-- Opening Marker --
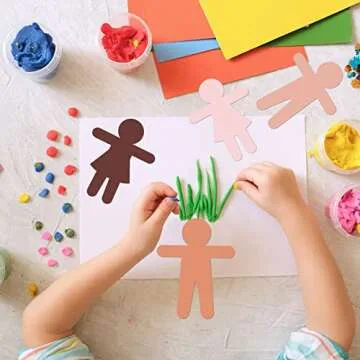 Geyee People Cut Outs Blank People Cutouts Color Paper Cutouts Boy Girl Cut Out Person Multicultural Creative Cut-Outs for Craft Art Project Home School Design Decoration(108 Pcs)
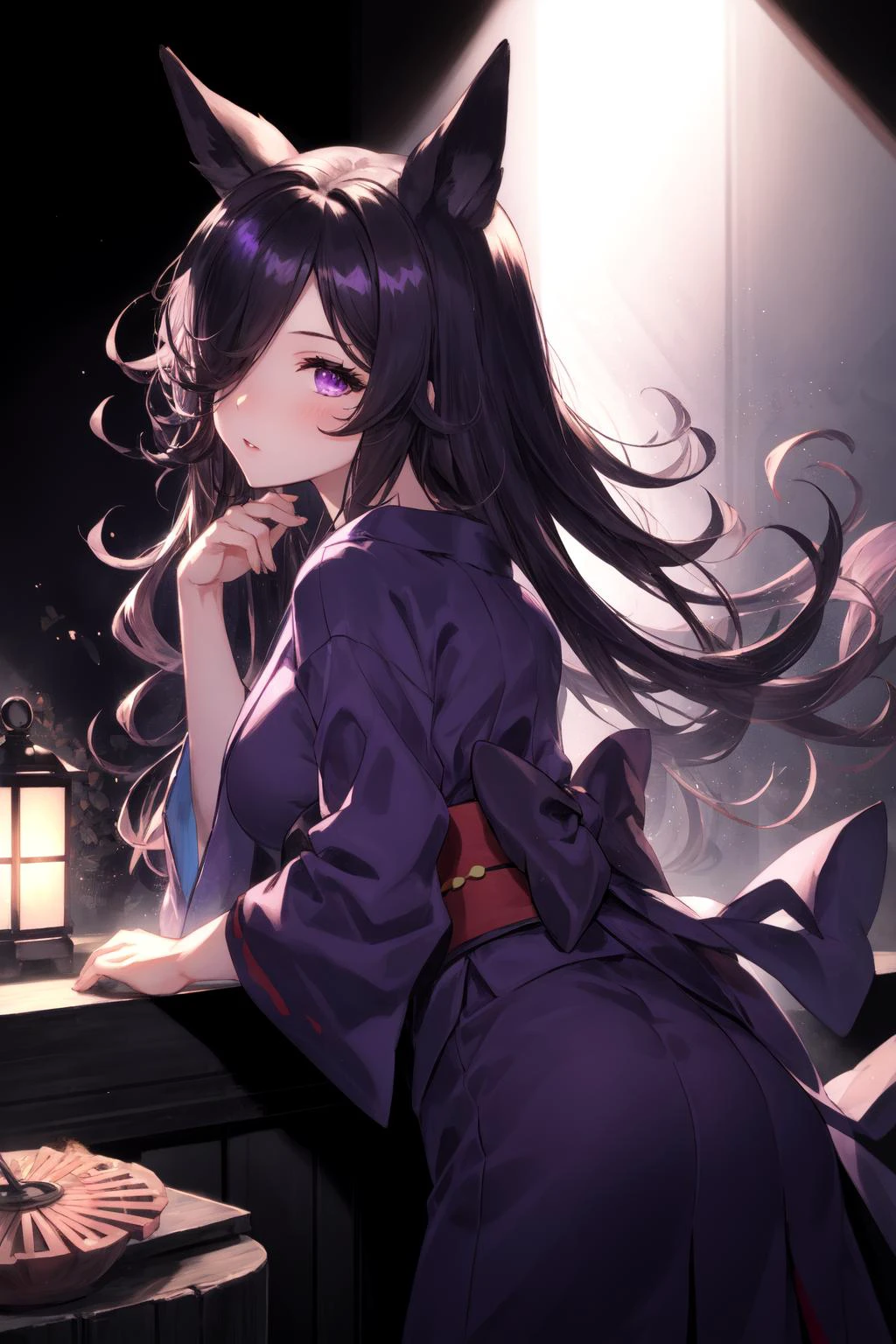 1girl, r1ce sh0wer, purple eyes, hair over one eye, yukata, <lora:Rice Shower_40794:0.8>, <lora:GBF_Splash:1>, splash art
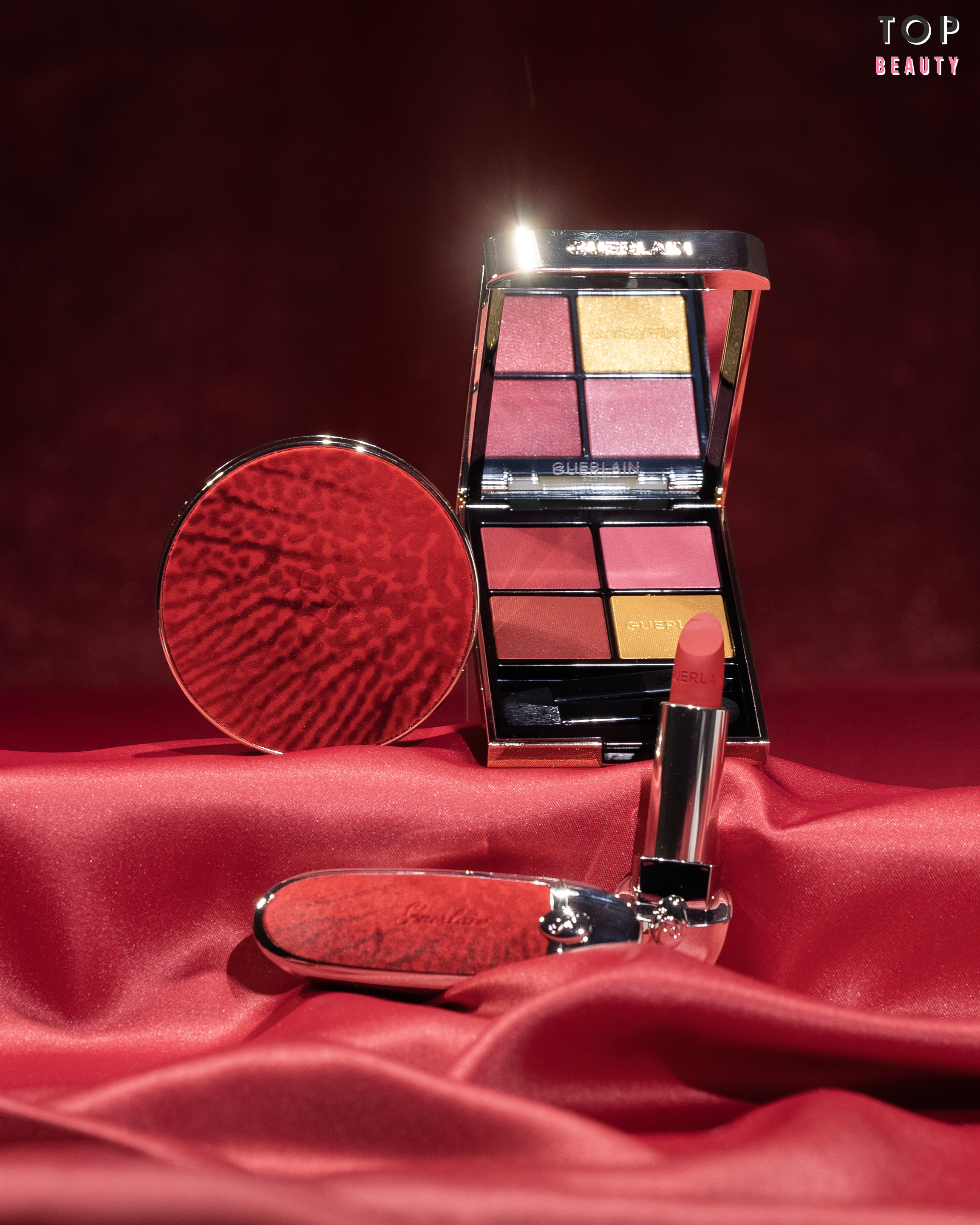 Guerlain 魅紅秀蘭彩妝系列-寶石唇膏$550、OMBRES G眼影組合蕙紅秀蘭四色眼影$775、限量版嫣紅蘭花金鑽修顏氣墊粉盒$680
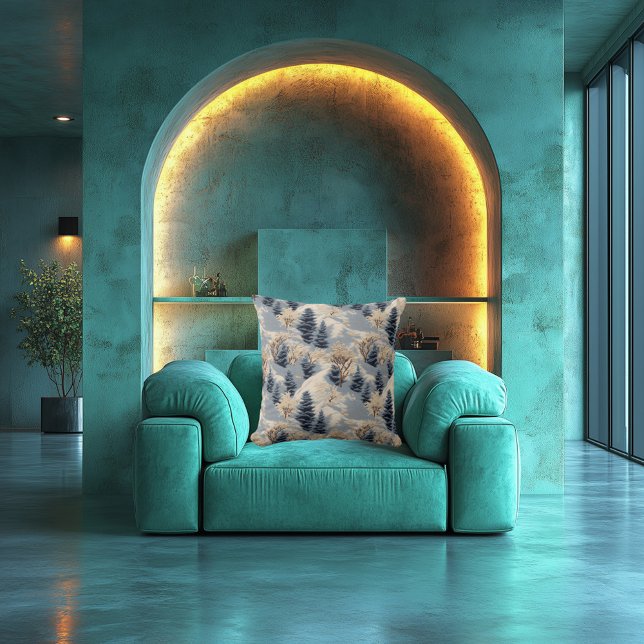 Elegant Embroidered-Effect Winter Landscape Patter Cushion (Creator Uploaded)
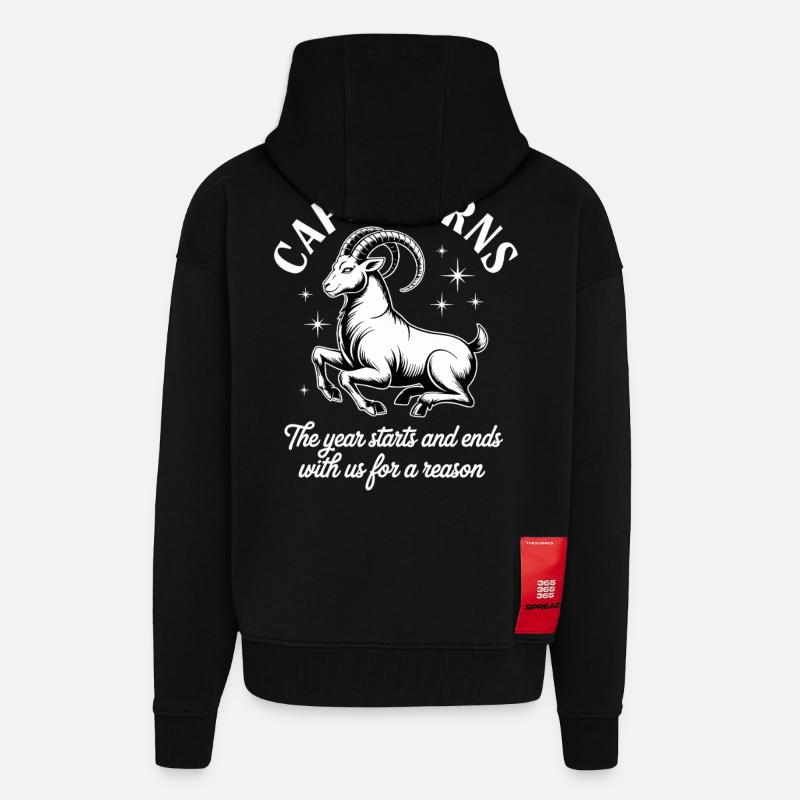 Steinbock Sternzeichen - Zip Hoodie - made by SPREAD - SOLID BLACK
-- Closing Marker --
- [What to produce]:
Without copying any picture, repeat the full listing above word for word.

- [Written solution]:
 Geyee People Cut Outs Blank People Cutouts Color Paper Cutouts Boy Girl Cut Out Person Multicultural Creative Cut-Outs for Craft Art Project Home School Design Decoration(108 Pcs)
 1girl, r1ce sh0wer, purple eyes, hair over one eye, yukata, <lora:Rice Shower_40794:0.8>, <lora:GBF_Splash:1>, splash art
 Guerlain 魅紅秀蘭彩妝系列-寶石唇膏$550、OMBRES G眼影組合蕙紅秀蘭四色眼影$775、限量版嫣紅蘭花金鑽修顏氣墊粉盒$680
 Elegant Embroidered-Effect Winter Landscape Patter Cushion (Creator Uploaded)
 Steinbock Sternzeichen - Zip Hoodie - made by SPREAD - SOLID BLACK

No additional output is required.